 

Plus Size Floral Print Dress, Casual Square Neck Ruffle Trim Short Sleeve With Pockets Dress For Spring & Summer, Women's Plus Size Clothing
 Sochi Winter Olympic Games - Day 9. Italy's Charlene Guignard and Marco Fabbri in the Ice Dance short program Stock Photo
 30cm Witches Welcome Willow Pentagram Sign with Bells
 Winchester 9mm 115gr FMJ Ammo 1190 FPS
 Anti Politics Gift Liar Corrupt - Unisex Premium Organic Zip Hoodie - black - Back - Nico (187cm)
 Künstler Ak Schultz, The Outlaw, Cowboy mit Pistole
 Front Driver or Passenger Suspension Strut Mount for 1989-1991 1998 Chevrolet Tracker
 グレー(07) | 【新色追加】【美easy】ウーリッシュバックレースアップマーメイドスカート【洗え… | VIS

########

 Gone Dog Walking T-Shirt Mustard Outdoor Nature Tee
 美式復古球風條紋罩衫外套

########

TASK ITEM>
From the data above, return every line from the line that has "30cm Witches Welcome" up to and including the line that has "グレー(07) | 【新色追加】【美easy】ウーリッシュバックレースアップマーメイドスカート【洗え…", exactly.

OUTPUT OF THE TASK>
 30cm Witches Welcome Willow Pentagram Sign with Bells
 Winchester 9mm 115gr FMJ Ammo 1190 FPS
 Anti Politics Gift Liar Corrupt - Unisex Premium Organic Zip Hoodie - black - Back - Nico (187cm)
 Künstler Ak Schultz, The Outlaw, Cowboy mit Pistole
 Front Driver or Passenger Suspension Strut Mount for 1989-1991 1998 Chevrolet Tracker
 グレー(07) | 【新色追加】【美easy】ウーリッシュバックレースアップマーメイドスカート【洗え… | VIS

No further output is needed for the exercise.